_Data to use_:
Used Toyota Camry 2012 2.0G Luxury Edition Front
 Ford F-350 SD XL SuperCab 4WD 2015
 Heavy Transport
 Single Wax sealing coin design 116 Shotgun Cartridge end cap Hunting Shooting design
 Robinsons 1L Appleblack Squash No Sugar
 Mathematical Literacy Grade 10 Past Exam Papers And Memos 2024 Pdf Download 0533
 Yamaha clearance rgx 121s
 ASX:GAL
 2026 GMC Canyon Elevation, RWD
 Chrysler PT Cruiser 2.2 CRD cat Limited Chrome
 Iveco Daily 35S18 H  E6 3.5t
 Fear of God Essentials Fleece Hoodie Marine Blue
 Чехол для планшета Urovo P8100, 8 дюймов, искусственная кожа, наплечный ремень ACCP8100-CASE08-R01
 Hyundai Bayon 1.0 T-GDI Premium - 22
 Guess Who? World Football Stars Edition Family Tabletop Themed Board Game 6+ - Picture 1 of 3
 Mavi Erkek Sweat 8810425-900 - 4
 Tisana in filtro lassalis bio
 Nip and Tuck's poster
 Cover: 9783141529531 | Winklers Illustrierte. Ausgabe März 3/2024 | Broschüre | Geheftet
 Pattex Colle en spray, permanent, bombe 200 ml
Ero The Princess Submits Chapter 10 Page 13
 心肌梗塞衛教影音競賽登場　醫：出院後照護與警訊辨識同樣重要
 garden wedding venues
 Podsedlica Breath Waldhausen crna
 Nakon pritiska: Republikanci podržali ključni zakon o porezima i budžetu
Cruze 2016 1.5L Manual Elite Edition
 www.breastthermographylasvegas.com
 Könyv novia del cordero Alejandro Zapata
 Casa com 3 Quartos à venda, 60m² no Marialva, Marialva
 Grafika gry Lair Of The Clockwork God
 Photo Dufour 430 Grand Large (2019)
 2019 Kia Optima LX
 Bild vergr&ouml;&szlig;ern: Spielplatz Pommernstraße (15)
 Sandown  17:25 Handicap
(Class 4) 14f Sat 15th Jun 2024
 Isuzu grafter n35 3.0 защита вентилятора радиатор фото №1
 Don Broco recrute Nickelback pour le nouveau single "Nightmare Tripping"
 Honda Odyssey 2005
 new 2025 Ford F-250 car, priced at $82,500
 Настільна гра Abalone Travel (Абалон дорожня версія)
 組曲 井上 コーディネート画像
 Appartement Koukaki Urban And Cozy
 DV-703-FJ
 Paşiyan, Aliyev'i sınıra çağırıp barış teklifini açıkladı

_Task details_: Only a number belongs in the answer: state how many lines of the entries above hold "Edition".

_Exercise response_: 3